(Beginning of Data supplied)

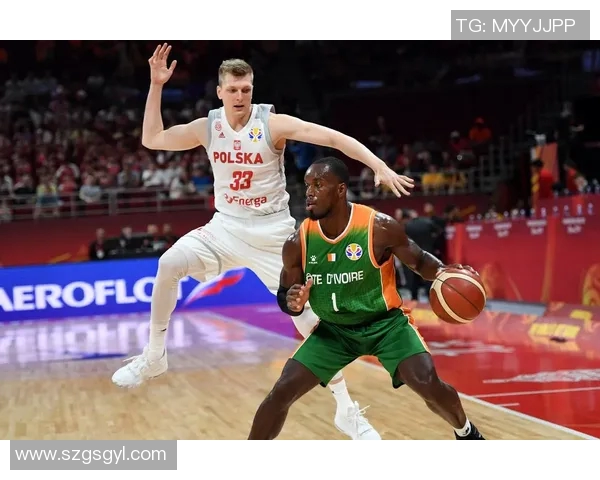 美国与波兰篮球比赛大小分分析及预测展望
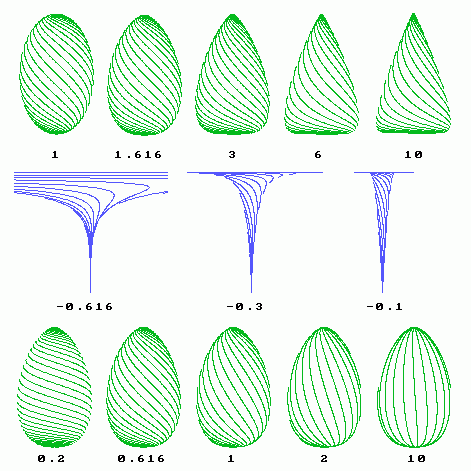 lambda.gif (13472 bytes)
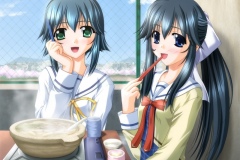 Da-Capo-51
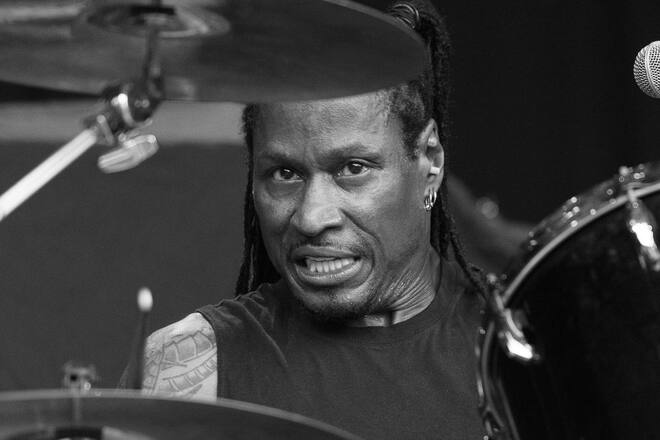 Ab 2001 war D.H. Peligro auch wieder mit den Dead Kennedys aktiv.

(End of Data supplied)
(Beginning of Data supplied)

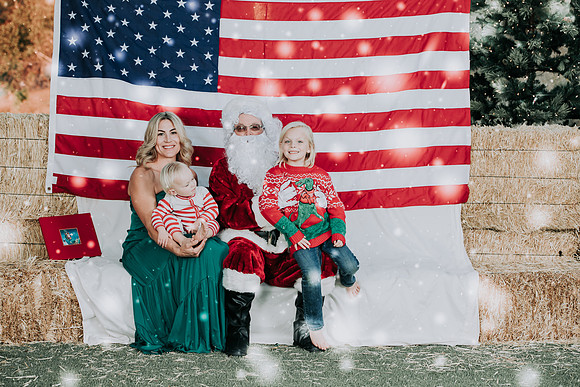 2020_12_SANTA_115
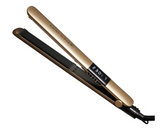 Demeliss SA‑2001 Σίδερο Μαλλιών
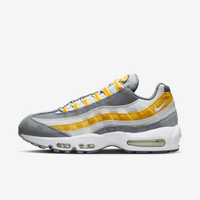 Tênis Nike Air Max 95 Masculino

(End of Data supplied)

**Assignment**
An exact copy is needed. It runs from the line above containing "美国与波兰篮球比赛大小分分析及预测展望" down to the line containing "Ab 2001 war", both included, with no pictures.

**Response to the exercise**
 美国与波兰篮球比赛大小分分析及预测展望
 lambda.gif (13472 bytes)
 Da-Capo-51
 Ab 2001 war D.H. Peligro auch wieder mit den Dead Kennedys aktiv.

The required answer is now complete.